# Old Post Office, Heathfield, Devon, *naked warning*



## TuningHouse (May 17, 2009)

Due for demolition soon, only managed to get a few shots as its "done up like a kipper" and in a row of active houses. Not alot to see, but would love to see inside. Usual Squatter mess laying around.
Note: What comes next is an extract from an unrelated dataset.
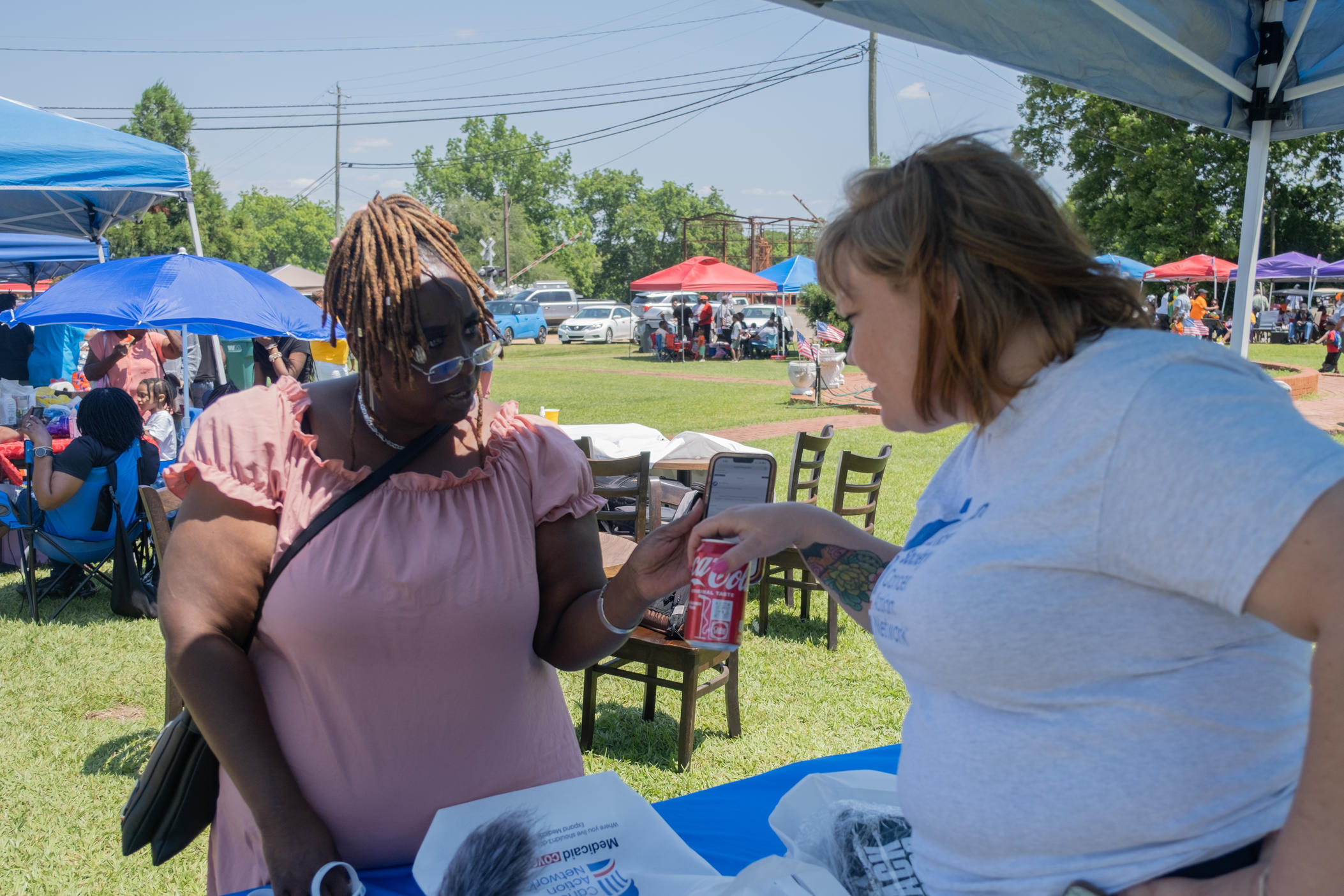 Byromville resident Melister Wiggins shows Kristen Kiefer her Medicaid renewal notification posted on Georgia Gateway. People who aren't automatically renewed  have 45 days from the date of their scheduled renewal date to submit missing information about their eligibility to the state in order to keep their benefits.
Found a refusal of planning permission on the web, dated August last year. 
PARISH: BOVEY TRACEY WARD:Bovey
REF: 08/02024/MAJ OFFICER:Ian Perry
LOCATION: The Old Post Office, Old Newton Road, Heathfield
PROPOSAL: Demolition of existing property and redevelopment to provide eight flats and 2
houses with car parking and communal amenity areas
APPLICANT: Ravenslade Ltd, Mr P Bennett, Otter's Halt, Harveys Close Chudleigh Knighton
Devon
AGENT:
DECISION: PERMISSION REFUSED DATE OF DECISION: 20.08.2008































Expensive champagne










Destined for failure 










I know they arent very good, as entrance was denied - but thought as no one else has done it, why not


----------



## lost (May 17, 2009)

Worth it for the Charles & Diana plaque


----------



## TuningHouse (May 17, 2009)

haha my thoughts exactly


----------



## Potter (Aug 2, 2009)

Yes, that plaque is great.


----------



## RichardB (Aug 2, 2009)

I predict Photobucket will remove the champagne bottle.


----------



## Potter (Aug 2, 2009)

A bit prudish if they do.


----------



## RichardB (Aug 2, 2009)

They are incredibly prudish, and they must have somebody trawling through the pictures looking for something to be offended by. Somebody had a picture taken off because there was a garage-style girly calendar in the shot and I had one because there was a crudely drawn cock in it.


----------